Most spiritual disease takes longer to root out, but, mercifully, this one the Lord chose to kill dead in the moment.
Rooting Freely, Warning Others
The past eight years or so have been entirely different.
I now get to root—freely—for my friend to succeed in ministry. I praise God that in his sovereign wisdom he chose Matt to be a powerful voice for the grace of God in Jesus in our world. I had the opportunity to see him speak at two conferences this past year, and it was an experience I thoroughly enjoyed.
I have a new perk, as well. I use this experience to warn young pastors against the sin of comparison. My struggle, I have found, wasn’t unique to me. Many pastors are comparing worship attendance, baptism numbers, budget size, and ministry “success” with their peers and, in the process, they’re missing the grace gifts the Lord is pouring in their laps day in and day out.
“Comparison,” as Teddy Roosevelt said, “is the thief of joy.”
Scripture speaks often of the danger, too.
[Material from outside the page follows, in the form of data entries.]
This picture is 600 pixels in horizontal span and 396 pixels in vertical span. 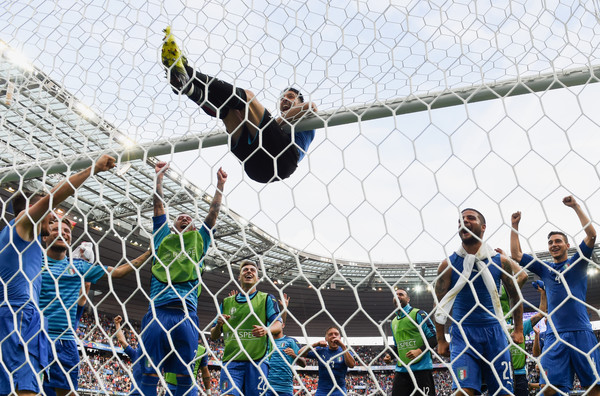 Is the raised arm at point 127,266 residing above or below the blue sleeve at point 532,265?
below

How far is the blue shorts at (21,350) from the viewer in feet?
7.38

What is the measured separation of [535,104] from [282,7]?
51.7 inches

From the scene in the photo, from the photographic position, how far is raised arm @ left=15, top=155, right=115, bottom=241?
7.35 ft

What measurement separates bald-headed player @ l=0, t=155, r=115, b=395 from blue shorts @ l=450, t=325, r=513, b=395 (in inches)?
87.3

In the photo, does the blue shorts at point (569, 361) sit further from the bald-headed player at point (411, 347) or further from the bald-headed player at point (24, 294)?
the bald-headed player at point (24, 294)

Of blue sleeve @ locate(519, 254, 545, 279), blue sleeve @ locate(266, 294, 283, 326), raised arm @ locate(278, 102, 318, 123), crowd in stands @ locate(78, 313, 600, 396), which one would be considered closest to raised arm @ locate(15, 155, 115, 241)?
raised arm @ locate(278, 102, 318, 123)

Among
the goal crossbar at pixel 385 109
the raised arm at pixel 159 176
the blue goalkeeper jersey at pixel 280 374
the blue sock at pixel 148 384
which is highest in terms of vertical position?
the goal crossbar at pixel 385 109

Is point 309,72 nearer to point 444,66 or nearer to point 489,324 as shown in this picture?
point 444,66

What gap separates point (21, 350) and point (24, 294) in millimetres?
279

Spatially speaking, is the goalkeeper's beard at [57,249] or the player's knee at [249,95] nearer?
the player's knee at [249,95]

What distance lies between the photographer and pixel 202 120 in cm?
252

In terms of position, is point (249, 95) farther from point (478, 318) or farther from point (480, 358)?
point (480, 358)

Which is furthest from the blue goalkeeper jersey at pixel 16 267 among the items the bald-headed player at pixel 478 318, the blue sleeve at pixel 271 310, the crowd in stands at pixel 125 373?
the crowd in stands at pixel 125 373

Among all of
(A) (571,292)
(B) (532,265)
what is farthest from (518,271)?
(A) (571,292) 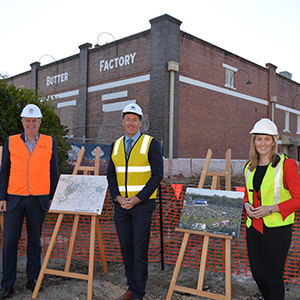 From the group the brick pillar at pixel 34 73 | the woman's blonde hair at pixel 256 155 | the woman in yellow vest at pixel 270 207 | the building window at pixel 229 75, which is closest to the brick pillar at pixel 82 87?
the brick pillar at pixel 34 73

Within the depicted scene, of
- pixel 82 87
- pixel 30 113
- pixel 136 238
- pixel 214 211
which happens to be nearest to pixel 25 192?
pixel 30 113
Personally, Paul’s warning in 1 Corinthians 3:3 rings most true for me: “For while there is jealousy and strife among you, are you not of the flesh and behaving only in a human way?”
So I rest in the things I know for sure: God has made me with the gifts he wanted me to have. He has ordained my steps in ministry, and I can simply be obedient. I’m loved more than I can ever know in Jesus.
And I can root for my friend, Matt.
So I do. I’m glad to call him one of the best pastors I know.
I’m comfortable with that.
Even if the masses only know me as Matt Chandler’s roommate.